Emily Piggford Knows How to Party

For most of us, getting cast on That’s My DJ would be a dream come true. The hit web series, now in its third season, is a thumping, loud, unapologetic look inside the world of rave culture. Which means that a day of shooting includes dancing, partying, dancing some more, and looking like you’re having an amazing time. But for the show’s star, Emily Piggford, working on That’s My DJ wasn’t as easy as it sounds.

“I’m such a homebody!” laughs Piggford. “I actually saw this role as a challenge whereas it would be so accessible for many other people. I essentially had to be taught how to party, which is plain ridiculous.”

Luckily, Piggford found a sort of party tutor in the show’s creator D.W. Waterson, who took the actress to parties all over the city and pushed Piggford out of her comfort zone. It must have worked: earlier this year Piggford was nominated for a Canadian Screen Award, and she recently nabbed a nomination at the 2017 LA Webfest as well.

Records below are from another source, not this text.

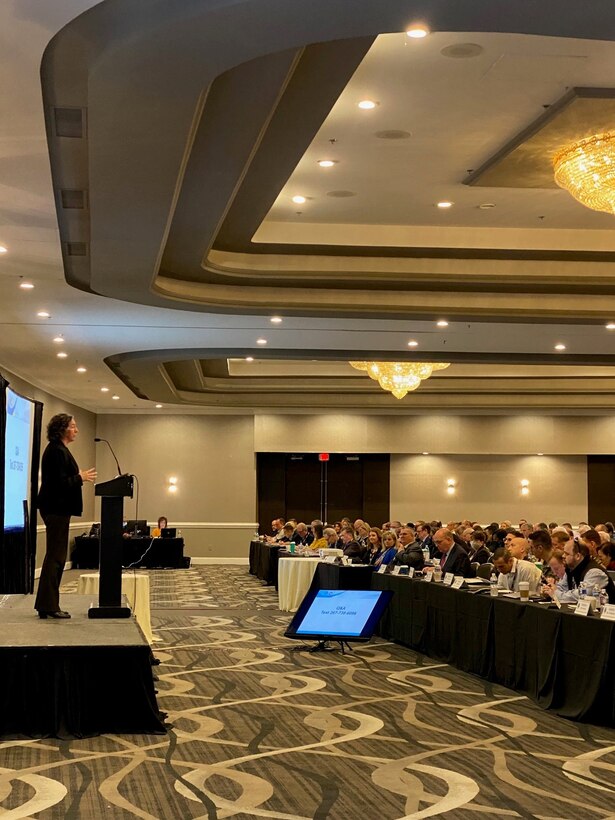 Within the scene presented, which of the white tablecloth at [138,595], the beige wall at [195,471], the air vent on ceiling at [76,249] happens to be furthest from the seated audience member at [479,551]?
the beige wall at [195,471]

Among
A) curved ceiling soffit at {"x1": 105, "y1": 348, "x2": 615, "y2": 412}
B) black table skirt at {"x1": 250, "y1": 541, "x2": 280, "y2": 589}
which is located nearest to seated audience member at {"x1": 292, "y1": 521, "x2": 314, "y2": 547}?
black table skirt at {"x1": 250, "y1": 541, "x2": 280, "y2": 589}

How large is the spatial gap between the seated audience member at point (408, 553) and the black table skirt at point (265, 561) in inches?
205

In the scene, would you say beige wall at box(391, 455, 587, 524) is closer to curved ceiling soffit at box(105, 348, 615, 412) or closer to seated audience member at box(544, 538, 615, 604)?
curved ceiling soffit at box(105, 348, 615, 412)

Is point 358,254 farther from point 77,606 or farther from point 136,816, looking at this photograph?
point 136,816

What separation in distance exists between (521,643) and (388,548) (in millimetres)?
5280

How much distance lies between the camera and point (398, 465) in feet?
77.8

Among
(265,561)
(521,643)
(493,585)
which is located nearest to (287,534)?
(265,561)

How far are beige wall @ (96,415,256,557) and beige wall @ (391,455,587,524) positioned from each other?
3.50m

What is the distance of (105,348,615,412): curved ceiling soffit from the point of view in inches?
750

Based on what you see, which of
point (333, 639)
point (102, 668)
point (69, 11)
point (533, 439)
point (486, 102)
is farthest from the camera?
point (533, 439)

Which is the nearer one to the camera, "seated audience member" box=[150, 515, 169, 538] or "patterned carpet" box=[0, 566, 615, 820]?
"patterned carpet" box=[0, 566, 615, 820]

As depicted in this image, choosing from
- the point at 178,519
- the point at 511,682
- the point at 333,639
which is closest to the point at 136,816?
the point at 511,682

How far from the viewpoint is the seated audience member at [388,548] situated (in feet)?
40.8

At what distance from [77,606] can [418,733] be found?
9.84ft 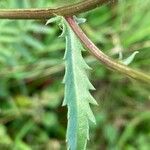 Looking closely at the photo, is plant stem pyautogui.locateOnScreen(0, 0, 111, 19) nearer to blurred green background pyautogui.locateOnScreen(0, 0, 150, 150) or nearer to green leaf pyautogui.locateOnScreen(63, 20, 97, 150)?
green leaf pyautogui.locateOnScreen(63, 20, 97, 150)

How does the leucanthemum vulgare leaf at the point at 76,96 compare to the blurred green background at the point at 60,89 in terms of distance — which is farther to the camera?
the blurred green background at the point at 60,89

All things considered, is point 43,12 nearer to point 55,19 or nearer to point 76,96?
point 55,19

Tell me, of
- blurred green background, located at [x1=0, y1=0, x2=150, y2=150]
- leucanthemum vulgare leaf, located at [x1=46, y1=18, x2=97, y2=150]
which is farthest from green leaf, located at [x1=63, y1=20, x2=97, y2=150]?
blurred green background, located at [x1=0, y1=0, x2=150, y2=150]

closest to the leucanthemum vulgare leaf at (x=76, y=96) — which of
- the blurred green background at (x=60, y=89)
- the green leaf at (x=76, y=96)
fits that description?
the green leaf at (x=76, y=96)

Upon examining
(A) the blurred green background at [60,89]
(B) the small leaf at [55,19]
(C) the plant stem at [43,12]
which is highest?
(C) the plant stem at [43,12]

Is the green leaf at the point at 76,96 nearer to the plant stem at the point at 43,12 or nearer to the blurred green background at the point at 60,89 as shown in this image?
the plant stem at the point at 43,12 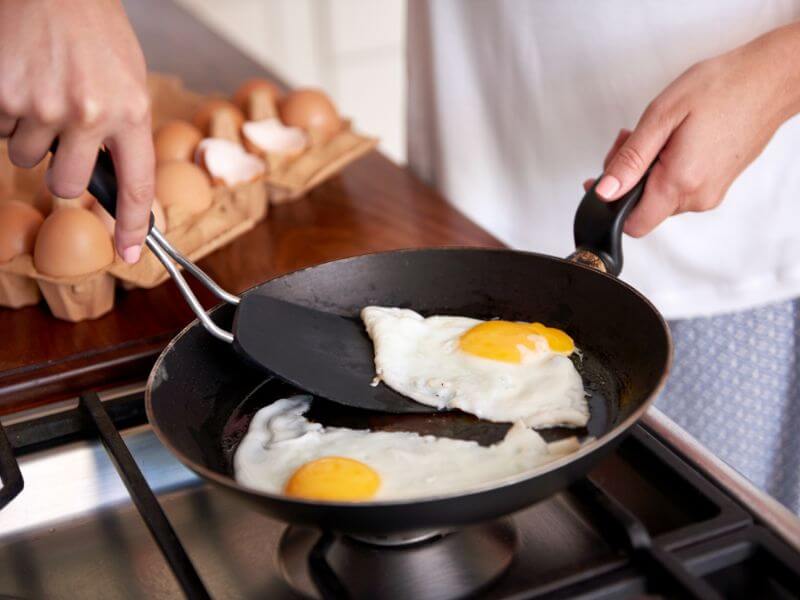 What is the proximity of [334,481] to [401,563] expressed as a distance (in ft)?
0.33

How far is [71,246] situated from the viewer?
1.12 metres

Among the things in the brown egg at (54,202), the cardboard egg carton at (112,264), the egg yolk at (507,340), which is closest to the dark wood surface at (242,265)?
the cardboard egg carton at (112,264)

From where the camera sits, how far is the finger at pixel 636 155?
3.32 ft

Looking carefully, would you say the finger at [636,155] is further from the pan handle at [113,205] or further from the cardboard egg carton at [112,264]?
the cardboard egg carton at [112,264]

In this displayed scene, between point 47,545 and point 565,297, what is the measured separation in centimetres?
58

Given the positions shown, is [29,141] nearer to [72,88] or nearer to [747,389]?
[72,88]

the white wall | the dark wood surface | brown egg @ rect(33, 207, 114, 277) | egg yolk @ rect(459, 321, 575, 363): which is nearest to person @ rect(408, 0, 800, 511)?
the dark wood surface

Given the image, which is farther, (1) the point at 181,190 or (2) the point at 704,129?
(1) the point at 181,190

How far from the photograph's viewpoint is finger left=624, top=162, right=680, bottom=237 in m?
1.03

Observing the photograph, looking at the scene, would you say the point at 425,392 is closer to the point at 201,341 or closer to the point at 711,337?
the point at 201,341

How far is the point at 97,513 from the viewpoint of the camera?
911mm

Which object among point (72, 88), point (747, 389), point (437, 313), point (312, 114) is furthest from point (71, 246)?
point (747, 389)

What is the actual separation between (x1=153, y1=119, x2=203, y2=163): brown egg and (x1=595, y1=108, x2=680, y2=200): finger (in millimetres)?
710

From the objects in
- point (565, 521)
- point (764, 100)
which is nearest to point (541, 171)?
point (764, 100) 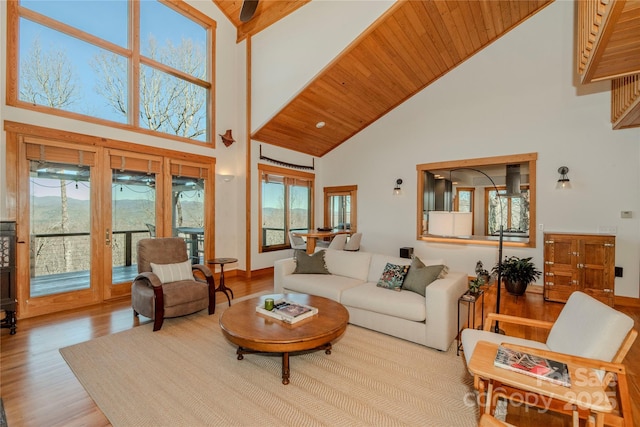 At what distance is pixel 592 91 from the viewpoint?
A: 4.57m

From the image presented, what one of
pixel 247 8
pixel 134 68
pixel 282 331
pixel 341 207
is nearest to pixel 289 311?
pixel 282 331

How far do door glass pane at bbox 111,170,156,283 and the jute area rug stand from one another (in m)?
1.84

“I’m quite introverted, but something about this character really drew me in because she’s the complete opposite,” says Piggford. “It almost feels a bit more like doing theatre for me, with a community of rave vibe. I come home feeling the way you do after you have danced all night. I’m tired, but happy and satisfied.”

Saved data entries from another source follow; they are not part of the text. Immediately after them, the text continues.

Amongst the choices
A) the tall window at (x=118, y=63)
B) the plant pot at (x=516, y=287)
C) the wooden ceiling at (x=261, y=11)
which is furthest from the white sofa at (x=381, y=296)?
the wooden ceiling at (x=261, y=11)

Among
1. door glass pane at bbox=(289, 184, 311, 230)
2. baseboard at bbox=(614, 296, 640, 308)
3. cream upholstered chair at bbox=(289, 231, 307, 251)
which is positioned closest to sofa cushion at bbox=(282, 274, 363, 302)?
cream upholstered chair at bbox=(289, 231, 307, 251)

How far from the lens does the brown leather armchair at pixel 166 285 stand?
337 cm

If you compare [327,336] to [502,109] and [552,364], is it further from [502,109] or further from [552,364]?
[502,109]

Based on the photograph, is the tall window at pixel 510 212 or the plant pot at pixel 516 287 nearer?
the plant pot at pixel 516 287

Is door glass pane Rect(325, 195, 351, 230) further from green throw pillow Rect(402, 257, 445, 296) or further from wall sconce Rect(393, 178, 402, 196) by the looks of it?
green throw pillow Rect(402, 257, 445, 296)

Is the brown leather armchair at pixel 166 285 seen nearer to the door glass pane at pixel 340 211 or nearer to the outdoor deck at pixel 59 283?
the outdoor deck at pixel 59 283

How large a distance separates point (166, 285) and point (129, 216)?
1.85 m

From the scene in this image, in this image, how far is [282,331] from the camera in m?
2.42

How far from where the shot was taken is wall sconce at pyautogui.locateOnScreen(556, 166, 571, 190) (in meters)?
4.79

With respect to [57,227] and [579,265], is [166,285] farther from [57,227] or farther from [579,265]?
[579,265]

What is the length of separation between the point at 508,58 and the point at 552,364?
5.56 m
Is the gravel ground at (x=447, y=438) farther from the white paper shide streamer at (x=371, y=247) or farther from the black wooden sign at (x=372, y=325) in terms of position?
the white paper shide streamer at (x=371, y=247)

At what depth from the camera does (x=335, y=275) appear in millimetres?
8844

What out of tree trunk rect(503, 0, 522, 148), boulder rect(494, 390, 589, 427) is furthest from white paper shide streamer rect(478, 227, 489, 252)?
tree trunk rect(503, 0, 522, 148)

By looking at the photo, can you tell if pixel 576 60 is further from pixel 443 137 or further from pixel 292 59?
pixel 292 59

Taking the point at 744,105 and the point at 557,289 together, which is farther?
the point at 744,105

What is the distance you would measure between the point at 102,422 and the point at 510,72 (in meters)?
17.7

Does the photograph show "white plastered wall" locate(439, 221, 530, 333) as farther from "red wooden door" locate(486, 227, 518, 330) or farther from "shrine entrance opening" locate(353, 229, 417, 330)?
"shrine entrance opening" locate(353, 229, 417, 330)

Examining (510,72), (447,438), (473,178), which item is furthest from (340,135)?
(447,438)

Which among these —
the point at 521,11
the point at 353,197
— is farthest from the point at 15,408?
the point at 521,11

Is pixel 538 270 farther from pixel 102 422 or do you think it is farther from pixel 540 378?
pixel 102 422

What is your favourite music to dance to is?

My favourite music to dance to usually comes down to the Top 40, and I dance around a lot to Taylor Swift. Also, Beyonce’s Lemonade album, I listen to that start-to-finish and dance and cry.

What song are you listening to on repeat?

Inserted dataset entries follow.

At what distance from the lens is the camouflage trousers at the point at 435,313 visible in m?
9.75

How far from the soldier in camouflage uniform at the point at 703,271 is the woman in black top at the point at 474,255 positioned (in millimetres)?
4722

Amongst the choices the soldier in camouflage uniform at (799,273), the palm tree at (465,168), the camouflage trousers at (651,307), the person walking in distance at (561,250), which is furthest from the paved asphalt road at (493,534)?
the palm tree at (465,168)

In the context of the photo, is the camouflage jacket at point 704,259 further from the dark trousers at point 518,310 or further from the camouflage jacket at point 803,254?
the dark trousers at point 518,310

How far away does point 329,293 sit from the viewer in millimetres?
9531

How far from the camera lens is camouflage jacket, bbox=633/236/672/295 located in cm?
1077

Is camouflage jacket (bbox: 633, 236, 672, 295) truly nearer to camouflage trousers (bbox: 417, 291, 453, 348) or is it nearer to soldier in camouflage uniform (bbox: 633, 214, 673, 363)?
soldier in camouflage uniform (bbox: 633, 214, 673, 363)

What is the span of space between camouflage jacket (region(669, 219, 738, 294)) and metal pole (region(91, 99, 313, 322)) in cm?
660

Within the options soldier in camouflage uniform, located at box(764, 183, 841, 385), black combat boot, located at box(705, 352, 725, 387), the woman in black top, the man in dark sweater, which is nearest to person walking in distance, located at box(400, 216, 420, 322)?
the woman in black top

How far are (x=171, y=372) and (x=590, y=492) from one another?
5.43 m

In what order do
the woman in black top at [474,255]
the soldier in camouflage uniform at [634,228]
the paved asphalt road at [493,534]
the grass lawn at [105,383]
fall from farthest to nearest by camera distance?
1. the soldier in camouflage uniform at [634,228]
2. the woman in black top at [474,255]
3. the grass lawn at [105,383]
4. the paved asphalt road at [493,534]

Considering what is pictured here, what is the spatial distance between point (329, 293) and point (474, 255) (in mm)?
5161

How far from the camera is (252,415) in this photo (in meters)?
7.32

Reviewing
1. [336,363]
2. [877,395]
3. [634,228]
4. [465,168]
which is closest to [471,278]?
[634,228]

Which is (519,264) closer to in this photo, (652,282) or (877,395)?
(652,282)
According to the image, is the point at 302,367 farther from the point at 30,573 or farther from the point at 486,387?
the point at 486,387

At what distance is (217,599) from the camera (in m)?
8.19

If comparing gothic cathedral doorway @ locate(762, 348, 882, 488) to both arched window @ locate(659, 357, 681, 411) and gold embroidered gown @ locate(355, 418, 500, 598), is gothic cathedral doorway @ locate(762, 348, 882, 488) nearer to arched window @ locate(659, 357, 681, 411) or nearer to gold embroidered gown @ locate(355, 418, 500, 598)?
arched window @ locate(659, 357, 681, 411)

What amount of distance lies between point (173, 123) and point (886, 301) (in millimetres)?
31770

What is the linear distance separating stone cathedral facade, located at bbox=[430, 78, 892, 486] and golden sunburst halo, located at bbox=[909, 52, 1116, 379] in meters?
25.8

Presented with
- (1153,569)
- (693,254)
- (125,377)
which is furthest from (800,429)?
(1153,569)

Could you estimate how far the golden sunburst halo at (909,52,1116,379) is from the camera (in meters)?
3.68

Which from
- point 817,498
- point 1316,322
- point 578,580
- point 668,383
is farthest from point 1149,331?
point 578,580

Right now I’m listening to the whole La La Land soundtrack on repeat. I really like the film, I saw it at TIFF and something about what I was going through on that day made me break down and cry afterwards. I was very moved by La La Land, I watched it again and again. I even bought the soundtrack on vinyl, but it’s also on my iPod so I can listen to it on the move.


Who would you want to take to a rave?

Take to a rave? D.W., because we would just cut loose and have so much fun together. I’d trust her to be my guide and show me the ropes.

What would be your rave survival kit?

I would have water, my phone charger, and lip balm, because I’m probably going to get dehydrated and I hate dry lips, and then my wallet. Whatever happens after that just happens!

What is your favourite thing about your job?

I just love the variety. I love that I can get an audition request, spend the next week getting into that world and researching the character, then the next day be a completely different person. The constant opportunity to try and understand different characters, different aspects of myself and also kind of analyze the functions of every project that’s in front of me. That’s what I love.


What is your least favourite thing about your job?

I really don’t have a least favourite thing about this business. Even the short notice might be what could come up as a least favourite thing because you prep your lines, you get on set, you are about to block rehearsal, and then the lines change, which can be like frustrating or scary upfront, but I also really love that because it just means I have to throw all of my anxiety out the window and just be present. That’s a terrible answer, but honestly, there’s nothing I don’t love!

What do you think you would be doing if you were not acting?

My plans A, B, C, through Z are all arts related and would probably include performance in some shape or form. But let’s say, in a completely different, parallel life I would want to be a holistic nutritionist.

Do you have a secret hidden talent? And if so, what is it?

I’m quite good at origami. My mom is Japanese and taught me how to do it and I love it. I’ll leave little napkin cranes at restaurants. [Laughs.] One year, when I was just starting out and had no money, all my family and friends got paper crane mobiles for Christmas. And watercolour paintings. I started painting in high school, I found it really soothing. Both mediums are meditative and meticulous and you get something beautiful in the end.